EMC VMAX and PowerMAX arrays experience VMFS corruption when using VAAI XCOPY on vSphere 6.x
search cancel

EMC VMAX and PowerMAX arrays experience VMFS corruption when using VAAI XCOPY on vSphere 6.x

book

Article ID: 326263

calendar_today

Updated On:

Products

VMware vSphere ESXi

Issue/Introduction

Symptoms:
  • Following a Storage VMotion or VM cloning operation that utilizes the VAAI XCOPY feature, the destination Datastore may become corrupt and be taken offline.
  • Recognition of mismatch in devID on the destination datastore:

    2019-08-12T10:56:01.122Z cpu42:662296)LVM: 4120: [naa.60000970000297900266533030303732:1] devID mismatch:
    2019-08-12T10:56:01.122Z cpu42:662296)LVM: 4121: Cached: <naa.60000970000297900266533030303732:1>
    2019-08-12T10:56:01.122Z cpu42:662296)LVM: 4122: Read: 5d09cd35-########-####-##########e2

     
  • Next, you will observe the VMFS volume being forced offline similar to:

    2019-08-12T10:56:01.122Z cpu42:662296)LVM: 6493: Forcing APD unregistration of devID 5d09cdc6-########-####-##########e2 in state 1.
    2019-08-12T10:56:01.122Z cpu42:662296)LVM: 5866: Could not open device , vol [5d09cdc6-########-####-#########e2, 5d09cdc6-########-####-#########e2, 1]: Device does not contain a logical volume
    2019-08-12T10:56:01.125Z cpu42:662296)Vol3: 3155: Failed to get object 28 type 1 uuid 5d09cdcc-########-####-##########e2 FD 0 gen 0 :No filesystem on the device
    2019-08-12T10:56:01.125Z cpu42:662296)WARNING: Fil3: 1389: Failed to reserve volume f530 28 1 5d09cdcc ######## ######## ######b3 0 0 0 0 0 0 0

     
  • You may see the following messages on hosts in the cluster that did not initiate the clone/migration similar to:

    2019-08-12T11:28:21.515Z cpu18:65844)WARNING: Vol3: 2422: FS 5d09ce55-########-####-##########e2 uuid change detected, possibly got re-formatted by other host, new uuid 5d09cd3b-########-####-##########e2

    Note: The preceding log excerpts are only examples. Date, time, and environmental variables may vary depending on your environment.

Environment

VMware vSphere ESXi 6.0
VMware vSphere ESXi 6.7
VMware vSphere ESXi 6.5

Resolution

 

VMware and Dell|EMC engineering teams have worked closely to develop fixes that will prevent the datastore from being overwritten during an XCopy session. It is recommended to load both the Dell microcode fix and the ESXi patch before re-enabling XCOPY from the host or array.

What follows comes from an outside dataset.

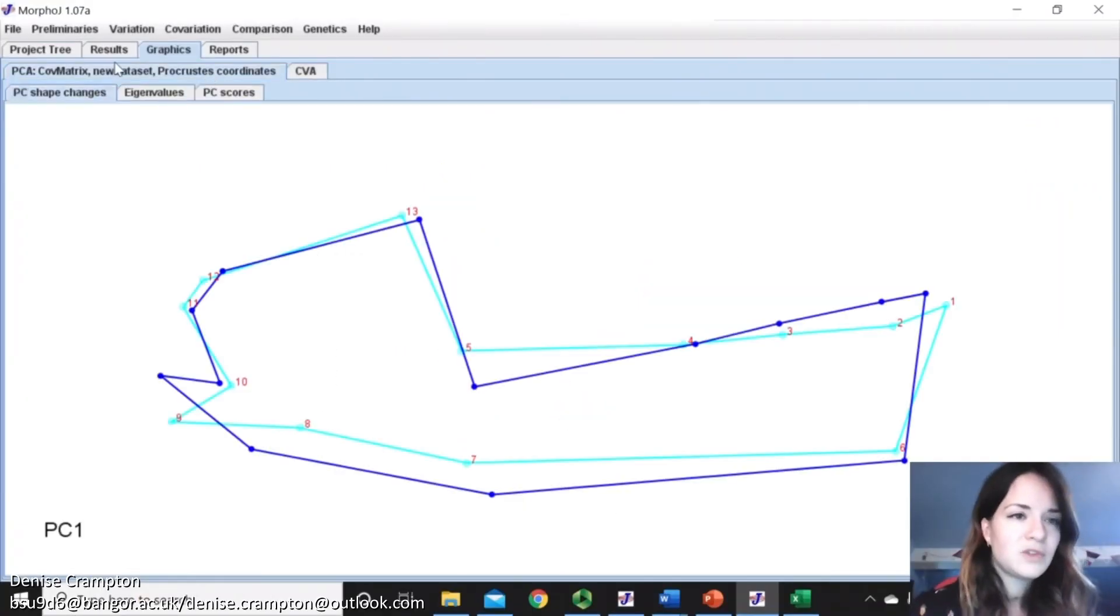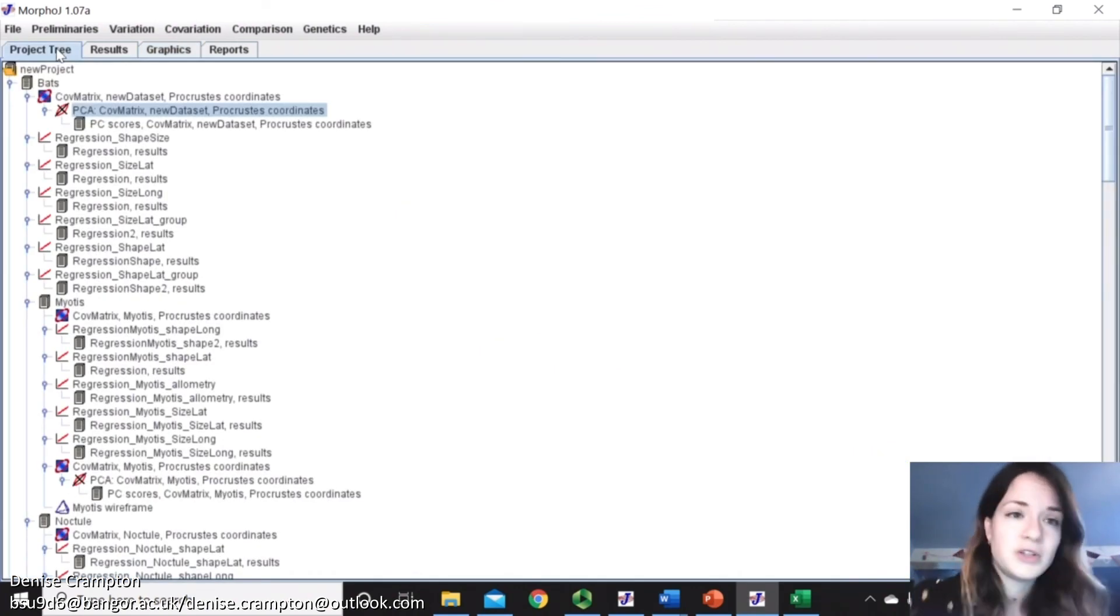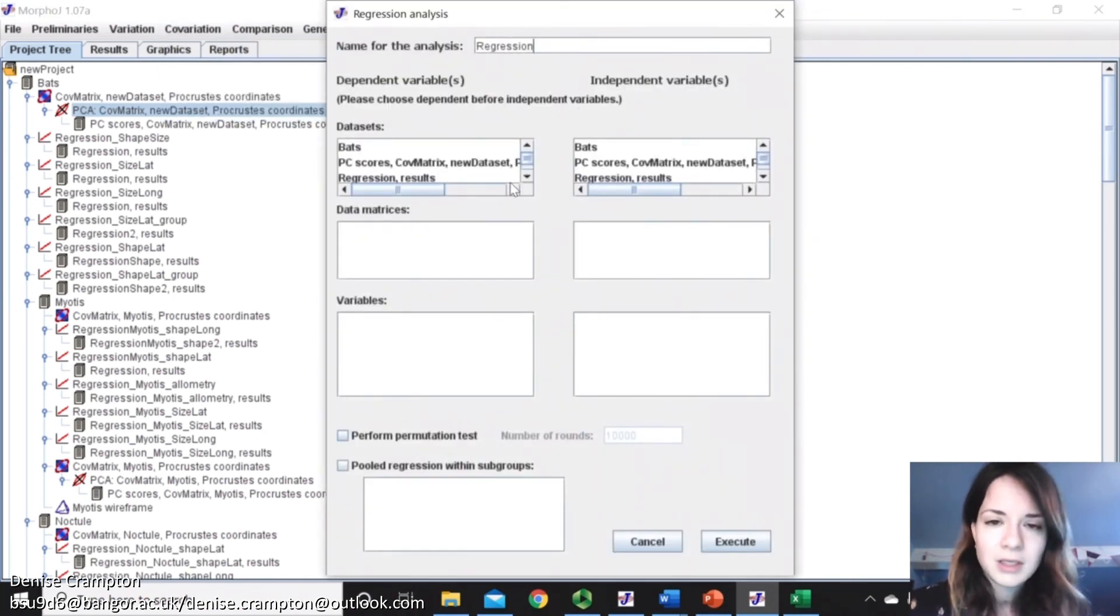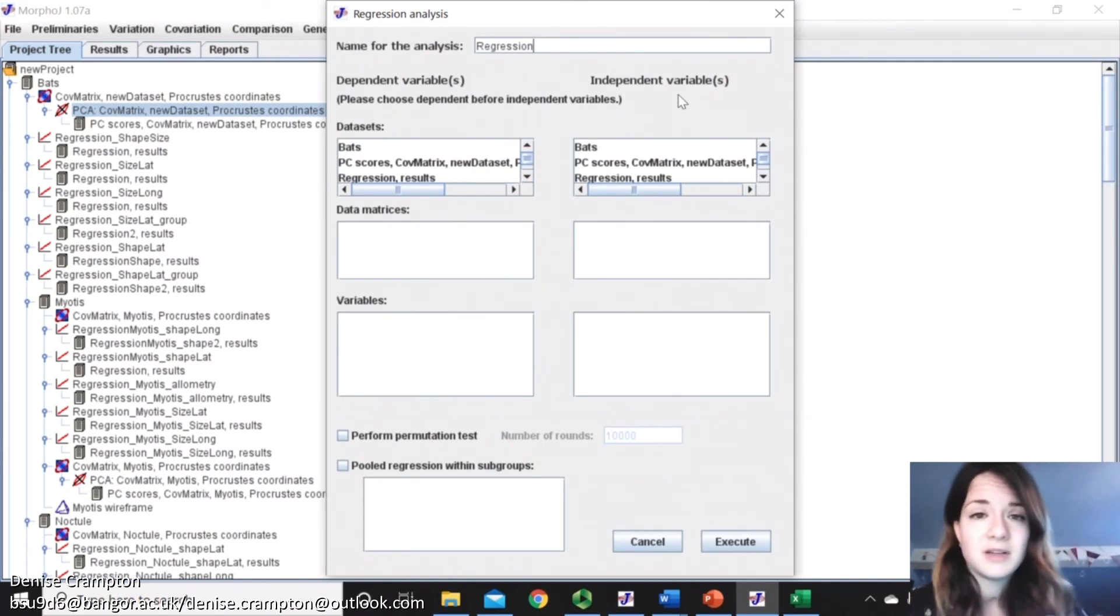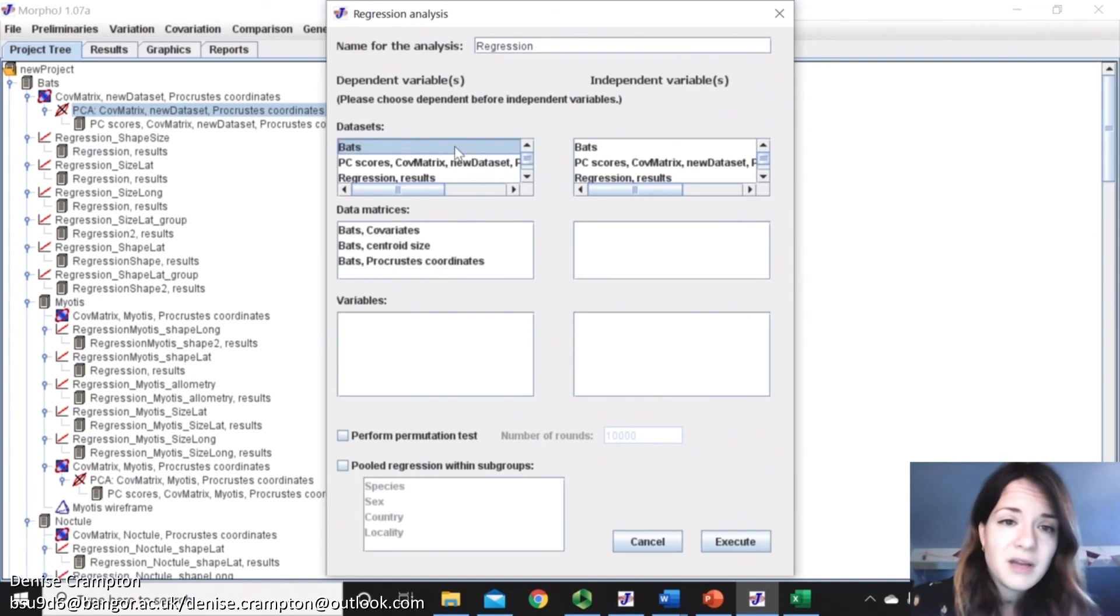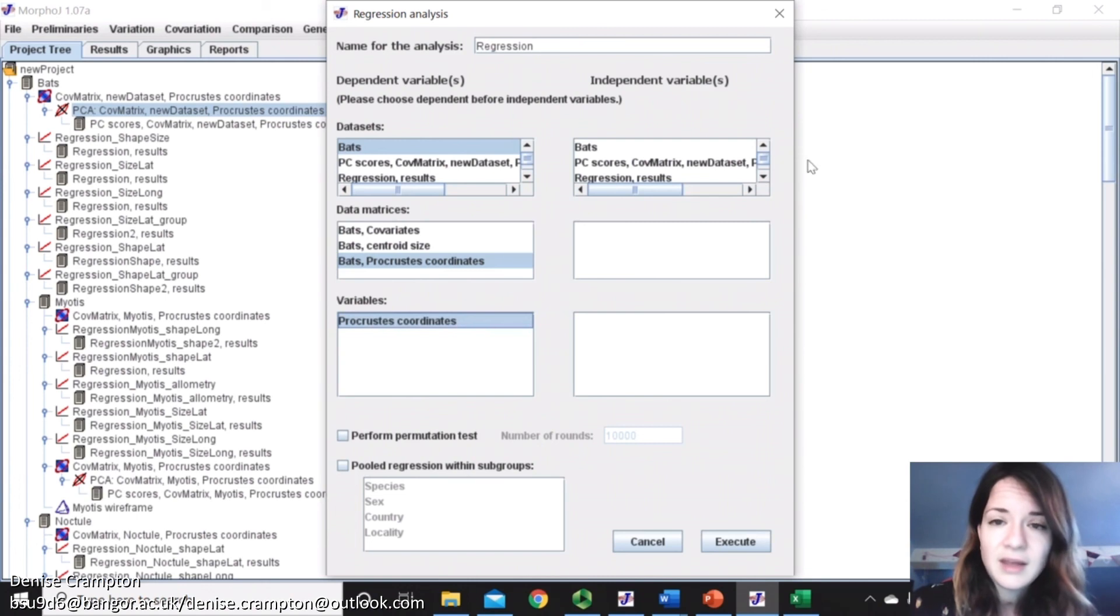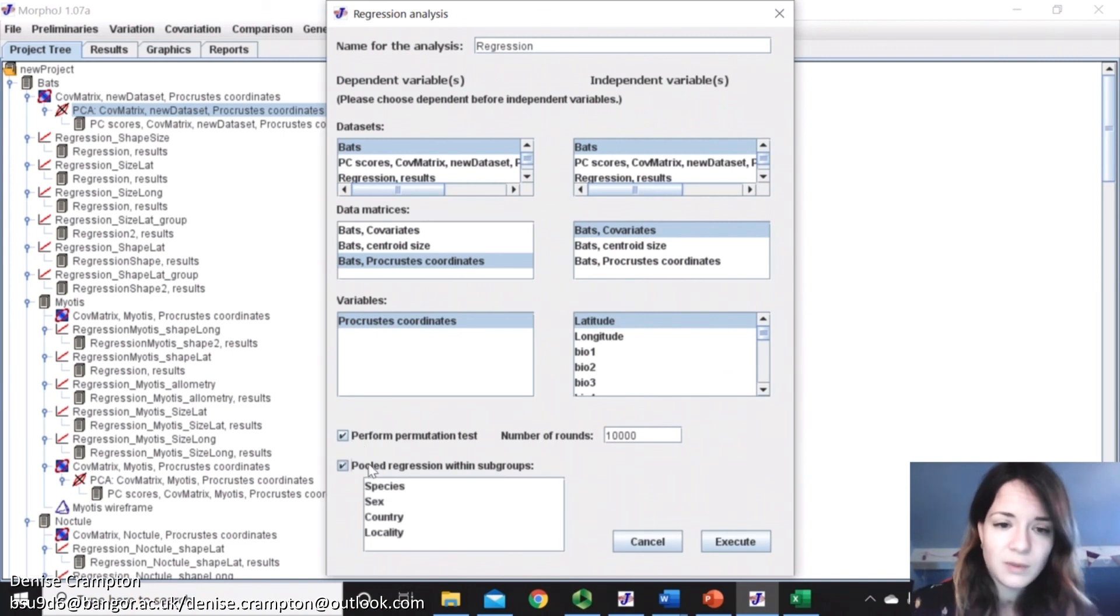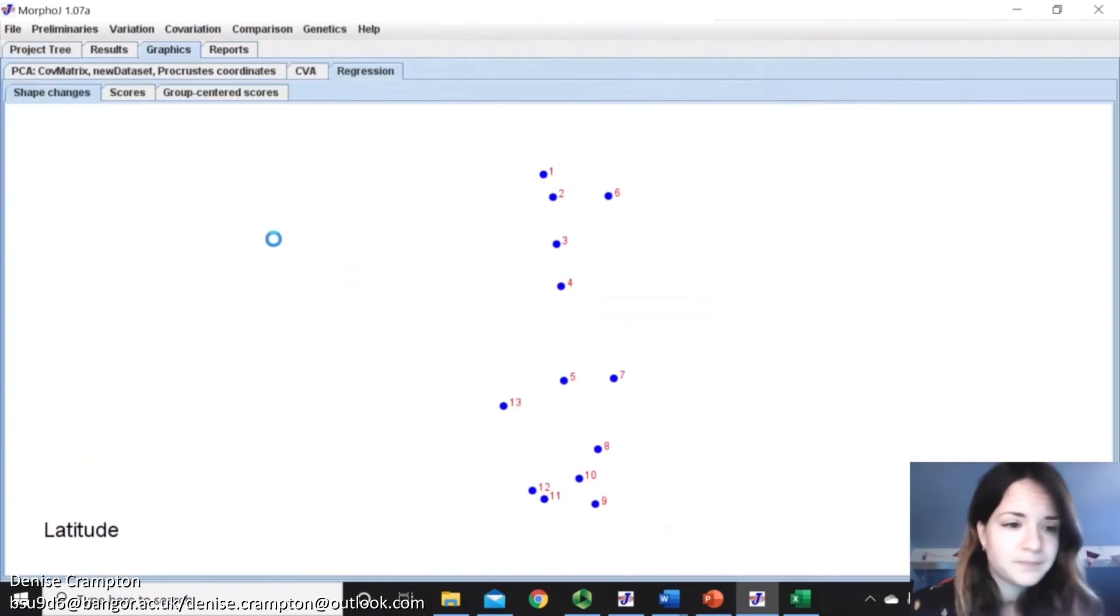We can also do, because this data has longitude and latitude, you can do a regression. So if I go regression, then you can pick your dependent or independent variables. So say for our dependent, we have all the bats, and we have the Procrustes coordinates, you just select that like that. And then you can use your covariate latitude, perform permutation test, you can do a pooled regression of species, execute.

Patches for ESXi 6.5 and 6.7 have been created that intercepts all attempts to overwrite block 0 on EMC Symmetrix based storage arrays (VMAX/PowerMAX). With the fix, if the array detects an XCOPY attempt to overwrite block 0, the array will reject this attempt and return a custom SCSI sense code to the host. If the ESXi hosts have the patches installed, it will interpret this rejection and fail the XCOPY operation entirely instead of reverting to the software datamover and the XCOPY operation will need to be attempted again.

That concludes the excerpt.